25 O’Connor, 2015 WL 5922183, at *6.
26 Id.
27 Id.
28 21 U.S.C. § 343-1.
13
requirements imposed on such products by federal law, . . . they are
barred.” 29
Plaintiffs try to rescue their claims from preemption in several
ways, each of which we find unavailing.
1.
Among their arguments, Plaintiffs contend that the state laws
implicated by their claims would merely impose labeling
requirements consistent with those already in the FDCA—that is, not
“different from” or “in addition to” the FDCA requirements. 30
Specifically, Plaintiffs argue that these state laws enforce the general
FDCA requirements of (1) 21 U.S.C. § 362(a) that labels not be “false
and misleading in any particular” and (2) 21 U.S.C. § 362(d) that
containers not be “formed, or filled to be misleading.” Putting aside
for now the fact that they did not invoke 21 U.S.C. § 362(d) in their
complaint, we conclude that neither general requirement can be read
to impose the particular labeling additions that Plaintiffs seek here.
29 Turek v. General Mills, Inc., 662 F.3d 423, 427 (7th Cir. 2011).

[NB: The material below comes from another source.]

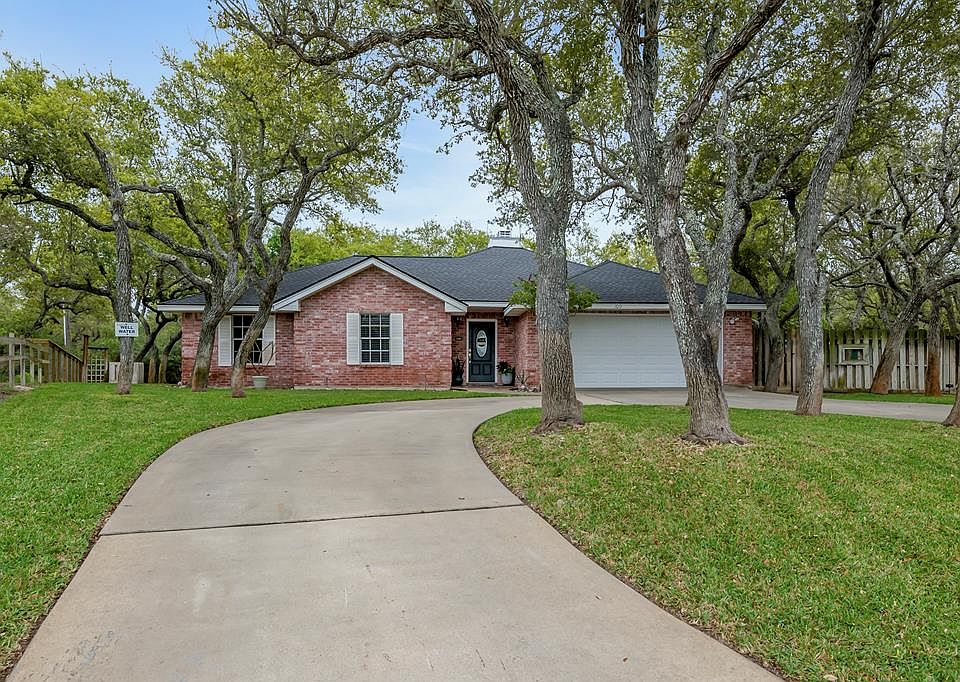 1st image of 100 Sanleanna Dr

30Later in their brief, Plaintiffs also argue the exact opposite as a ground for
avoiding preemption. They argue that their state-law claims, far from enforcing the
terms of the FDCA, are in fact outside the scope of the FDCA. To justify this
argument, Plaintiffs assert that their claims focus on the products’ defective
dispensers, not on the products’ labels, and thus involve a subject matter that is
beyond the federal statute’s purview and preemptive force. We address this
product-defect theory of liability in the next section below.
14
As already noted, the FDA has promulgated rules regulating
what must be included on labels. The regulations have therefore
stated, with specificity, what information is necessary to avoid
misleading consumers—such as, the net quantity of the product in a
container. In light of the technical nature of such requirements—
combined with Congress’s broad, categorical statement of preemption
in the FDCA—we are reluctant to conclude that states may impose
other labeling requirements that have not been imposed by Congress
or the FDA. If we were to impose such additional labeling
requirements, we would be construing state law to impose many
“requirements” that are not contained in the federal statute, or in the
regulations issued thereunder, and to disrupt what Congress intended
to be a uniform—and federally-led—regulatory scheme.
2.
Plaintiffs also contend that the crux of their complaint was not
only that L’Oréal’s labels were misleading, but also that its containers
were defective. But, in fact, Plaintiffs did not make this product-defect
theory clear in their complaint or before the District Court (failing to
invoke 21 U.S.C. § 362(d), for example). Rather, Plaintiffs continually
invoked 21 U.S.C. § 362(a) and repeatedly noted that they were
aggrieved because L’Oréal’s “labels are misbranded in violation of the
FDCA’s requirements that such labeling not be ‘false or misleading in
any particular.’” 31
31 SAC ¶ 107 (quoting 21 U.S.C. § 362(a)).
15
Section 362(a) was the specific FDCA provision that they sought
to enforce through their state-law claims, noting that it was because of
what they saw as L’Oréal’s “material misrepresentations and
omissions on its misbranded products” that they, as “reasonable
consumers” were “misle[d].” 32 As the District Court aptly noted,
Plaintiffs’ alleged “injury flows directly from the labeling of L’Oréal’s
products.” 33 They cannot replead their case on appeal to be about a
product “defect.”
In short, Plaintiffs cannot avoid the sweeping preemptive force
of the FDCA. Their state-law claims—all of which seek to impose
labeling requirements that are additional to, or different from, those
that federal law has established—are barred.
III. CONCLUSION
To summarize, we hold that the FDCA’s broad preemption
clause, 21 U.S.C. § 379s, bars Plaintiffs from seeking to impose
additional or different labeling requirements through their state-law
claims, especially when Congress and the FDA already have provided
for specific labeling requirements.
For the foregoing reasons, we AFFIRM the District Court’s July
12, 2019 judgment.
32 Id. at ¶ 120.
33 Critcher, 2019 WL 3066394, at *3.